## Work required
Starting at the first line of the listing below, repeat each line exactly until the line containing "This photo shows", which you include. Leave out pictures.

## Exercise data
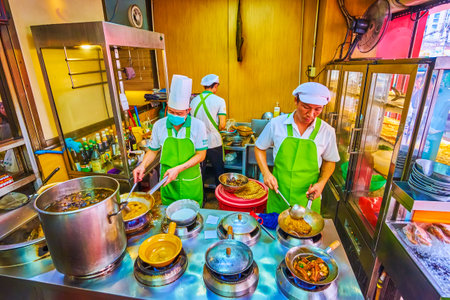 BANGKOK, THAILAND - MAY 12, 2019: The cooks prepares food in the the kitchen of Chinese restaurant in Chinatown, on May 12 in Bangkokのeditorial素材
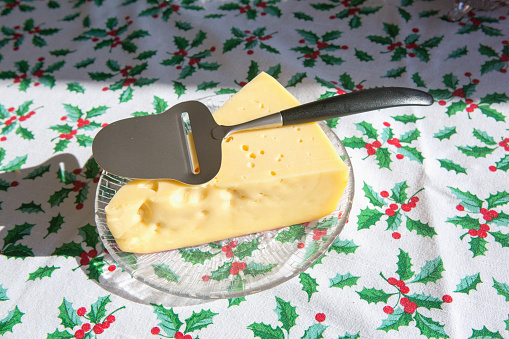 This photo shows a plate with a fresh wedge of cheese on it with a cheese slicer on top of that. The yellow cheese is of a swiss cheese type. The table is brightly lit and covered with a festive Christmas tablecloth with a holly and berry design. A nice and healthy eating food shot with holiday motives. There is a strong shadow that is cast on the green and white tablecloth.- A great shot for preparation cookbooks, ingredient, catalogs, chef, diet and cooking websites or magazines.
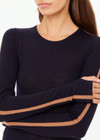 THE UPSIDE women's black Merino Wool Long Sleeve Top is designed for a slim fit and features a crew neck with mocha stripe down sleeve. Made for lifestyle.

## Answer area
 BANGKOK, THAILAND - MAY 12, 2019: The cooks prepares food in the the kitchen of Chinese restaurant in Chinatown, on May 12 in Bangkokのeditorial素材
 This photo shows a plate with a fresh wedge of cheese on it with a cheese slicer on top of that. The yellow cheese is of a swiss cheese type. The table is brightly lit and covered with a festive Christmas tablecloth with a holly and berry design. A nice and healthy eating food shot with holiday motives. There is a strong shadow that is cast on the green and white tablecloth.- A great shot for preparation cookbooks, ingredient, catalogs, chef, diet and cooking websites or magazines.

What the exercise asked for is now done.